Elle répétait les mots terribles comme si elle ne les comprenait pas. Quand elle se tourna vers Catherine, tous les traits de son visage s'étaient effondrés, ses yeux regardaient comme s'ils ne voyaient plus.
— Qui l'a tué ? balbutia-t-elle. Pourquoi dites-vous que c'est moi... moi ? Tuer mon petit Michel. Mais vous êtes folle!
C'était dit sans colère, presque calmement, une simple constatation. Et il y avait tant de douleur vraie dans ces quelques mots que Catherine sentit, elle aussi, le chagrin l'emporter sur la colère. Elle était lasse, tout à coup, lasse à mourir.
— Pardonnez-moi, murmura-t-elle. Si vous n'aviez pas retenu ici votre maudite Marie, contre la volonté d'Arnaud et contre la mienne, nous n'en serions pas là. C'est elle, la criminelle...

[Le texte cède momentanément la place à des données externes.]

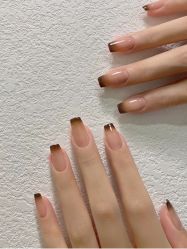 -悦指间美甲美睫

— L'accusation était venue d'elle-même et la véracité de ses paroles frappait Catherine à mesure qu'elle les prononçait. Elle voyait encore Marie sortant, vivement, mais presque furtivement, du logis... Qui donc la haïssait assez pour oser s'attaquer à son petit enfant, sinon la vipère de Comborn ? Mais, sur le visage d'Isabelle de Montsalvy, la stupéfaction se mêlait à l'incrédulité. Ce n'est pas possible ! Elle ne ferait pas une chose pareille. Vous la détestez parce qu'elle aime mon fils. Mais elle l'a toujours aimé... et ce n'est pas de sa faute. Personne n'est maître de son cœur !
Catherine haussa les épaules. Courbée vers le lit, , Sara continuait à frictionner le bébé et à lui souffler dans la bouche.
— Elle me hait au point de faire n'importe quoi. Elle a tenté de me tuer, moi, il n'y a pas une heure ! j Sans Gauthier je devrais être au fond de l'oubliette du donjon, les reins cassés. Elle ne ferait pas une chose pareille, dites-vous ? Elle ferait pire encore pour effacer jusqu'à mon souvenir de la surface de cette terre ; et de la mémoire de mon seigneur.